И это продолжается доныне. Это составляет самую опасную сторону католицизма для Италии и других католических стран. Ни одно правительство не может дать человеку таких обещаний; просто оно слишком бедно для этого, культурно бедно, исторически бедно. Ну, оно сделает талант министром; ну, оно сделает его фельдмаршалом. Но прошло оно, само это правительство прошло – и пали в вечность забвения или даже смеха его герои. Много теперь осталось от имени Даву и Мюратов? Одна почерневшая позолота, забава школьников. Но мальчик-католик,– а какой талантливый мальчик не бывает необузданным мечтателем,– знает, что он вступил прямо на цезарский путь. Григорий Гильдебрандт был сын кузнеца, Иннокентий III – патриций; и как для дворянина, так и для ремесленника на католической учебной скамье, в сем 1901 году, открывается поприще необузданного, палящего воображения. Он поступил в великую армию; ему говорят, что эта армия от Христа и что она не погибнет до скончания мира. Он вступил прямо в вечность, и от сил пловца будет зависеть, докуда в этой вечности он доплывет. Во время войны 12 года кому хотелось остаться в тульском гарнизоне, а не попасть к Кутузову? Мальчики рвались тогда. И вот почему вторую тысячу лет мальчики рвутся к папе.

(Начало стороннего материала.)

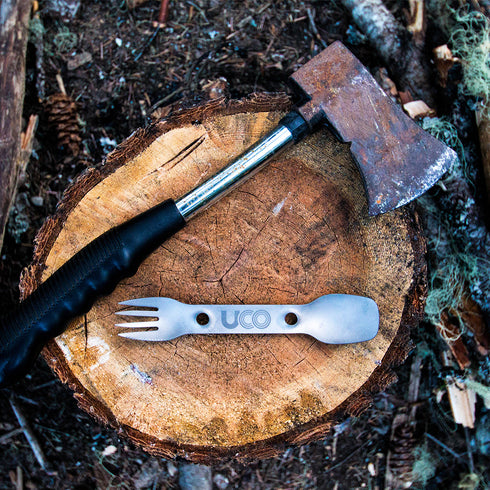 UCO TITANIUM UTILITY SPORK WITH TETHER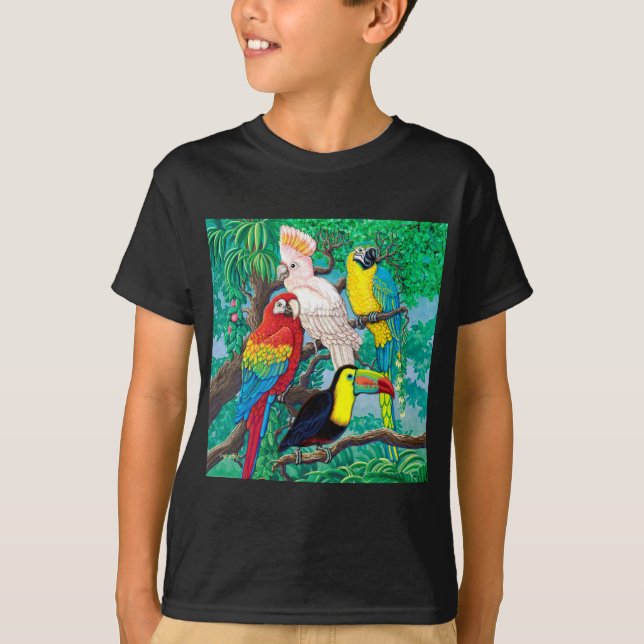 T-shirt Oiseaux tropicaux (Devant)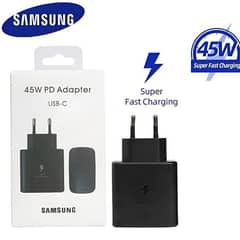 Samsung 45w Pd Super Fast Charger Adapter Type C Port A+ Quality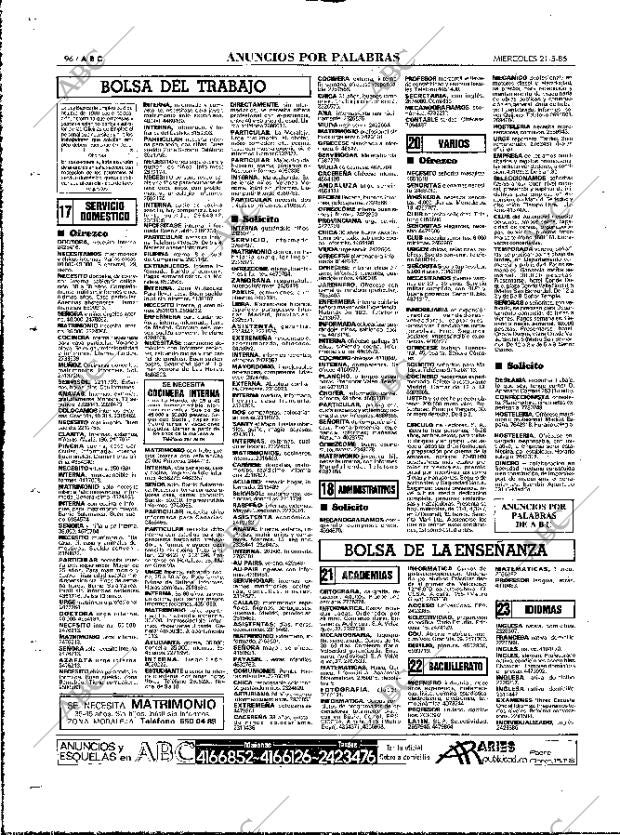 ABC MADRID 21-05-1986 página 96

Подвиг манит героя. А католичество определило себя как подвиг земной, опасный, рискованный, многообещающий. Это другое Монако Европы. Туда текут деньги, сюда – таланты. Только этой всепроницающей психологией, скрывающей в себе бездну романтизма, сочетавшей искуснейшим образом необузданную мечту с ледяным расчетом, огромный седой практицизм с золотыми кудерьками детства, можно объяснить то, что я всякий день вижу: толпы и толпы юношей, красивейших, сильнейших, очевидно, самых даровитых в стране, с лицами счастливыми и уверенными, с твердою поступью и дерзко открытым взглядом. Точно юнкера перед выпуском. Не мои слова, но мною подслушаны: «Когда монах идет, точно земля под ним трясется». Я засмеялся этому неисторическому наблюдению. Но то, что здесь физиологически верно схвачено,– это действительно странный шаг, совершенно отличающийся от шага всех прочих итальянцев. И то же я видел у монахинь: эти как древние весталки, они ни перед чем не сворачивают, и сам консул с ликторами отходил перед ними в сторону. Отходил в древности, и сторонятся теперь. «Бедным христолюбивым сиротам – копеечку на пропитание»,– нет, этого восточного робкого причитания здесь нет. О, и здесь берут, и как еще берут: «В пути на службе копеечка не мешает». Но вся ухватка другая. Это берет воин добычу, а не нищий после подаяния целует руку.